Westautobahn: Sicherheit zählt mehr als der Umwelt-80er

 Wiedermann: Der Erfolg für die Umwelt blieb bisher im Wesentlichen auch aus

„Die Sicherheit von Menschen hat absoluten Vorrang gegenüber dem Festhalten an einem mehr als fragwürdigen Prestigeprojekt!“ Mit diesem Argument verlangt LAbg. Friedrich Wiedermann der Flachgauer FPS-Landtagsabgeordnete Friedrich Wiedermann – nach Bekanntwerden der Verdopplung der Verkehrsunfälle seit der Einführung des Umwelt-80er auf der Westautobahn zwischen Salzburg Nord und dem Knoten Salzburg – die Abschaffung dieses Tempolimits. Die Anzahl der Verkehrsunfälle sei stark angestiegen, der Erfolg für die Umwelt sei bisher im Wesentlichen ausgeblieben. „Ende September machte Umweltreferentin Rössler das schöne Wetter für die relativ guten Umweltwerte entlang der Autobahn verantwortlich. Ähnlich argumentierte Rössler schon in der Testphase. Sie sollte endlich eingestehen, dass ihr Projekt gescheitert ist“, so Wiedermann.
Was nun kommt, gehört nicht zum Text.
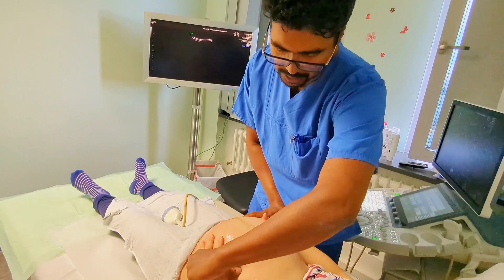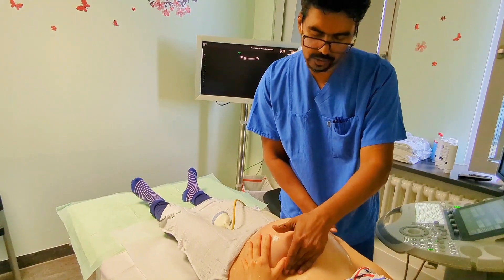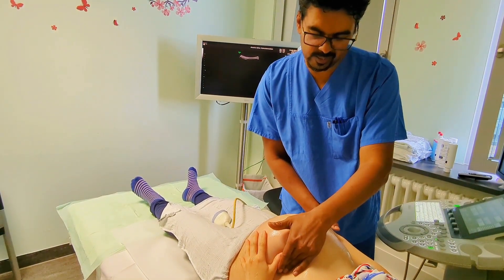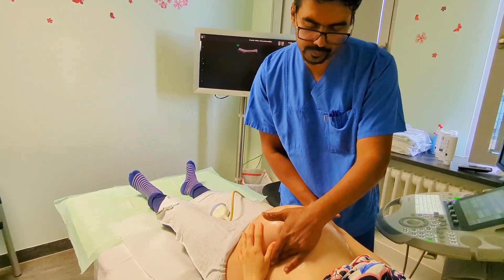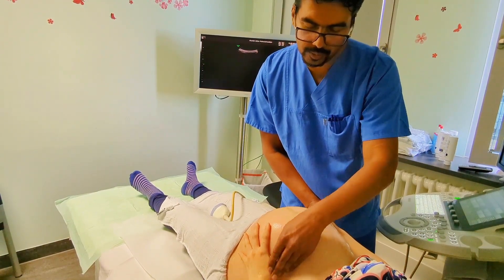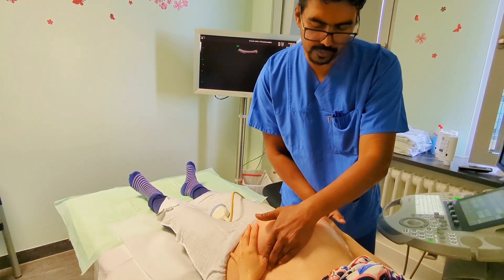So, half baby here under the bottom. I have a little tension. Yes, everything is good. Tief einatmen. Und ausatmen. Sie sagen mir, wenn es zu viel ist, für Sie.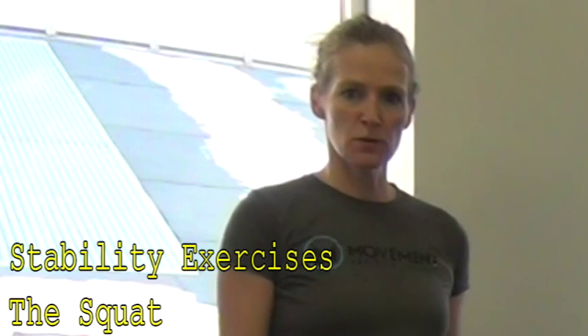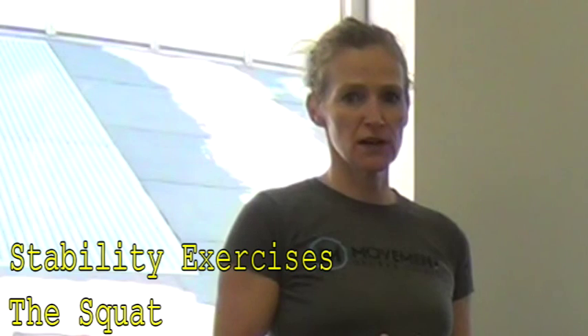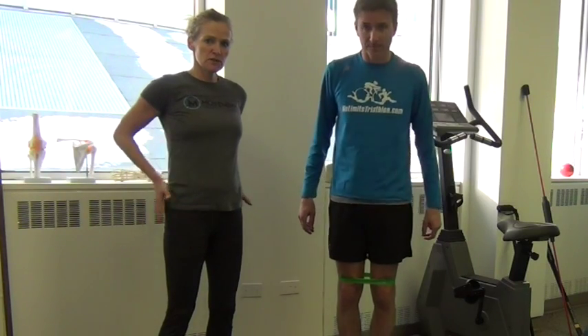So this exercise is the squat. Squat's a really important exercise — it's a functional movement we do all the time. It recruits a lot of different muscles and needs mobility through the ankle, knees, and hips. Doing a good squat is just a fundamental movement pattern to do well. We're going to use a mini band to add a little bit of resistance, so we're using the lateral hips as well as the glutes.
Bedenken, wonach die Sicherheit unter der Einführung des Tempolimits leiden werde, gab es bereits im Vorfeld der Einführung des 80er-Tempolimits. „Die Auswertung der Zahlen durch den Sachverständigen Gerhard Kronreif bestätigen nun, die einst schon geäußerten Befürchtungen. Ich bin schon gespannt, welche Behörde nun ausrücken muss, um die Zahlen des Sachverständigen zu verteufeln“, so Wiedermann. Jedoch müsse man kein Sachverständiger sein, um die Zunahme des erhöhten Unfallrisikos beobachten zu können. „Jeder, der regelmäßig die Autobahn im Bereich des Tempolimits benützt, kann öfters Unfälle beobachten. Riskante Situationen zwischen PKW und LKW stehen schon fast auf der Tagesordnung“, sagt Wiedermann.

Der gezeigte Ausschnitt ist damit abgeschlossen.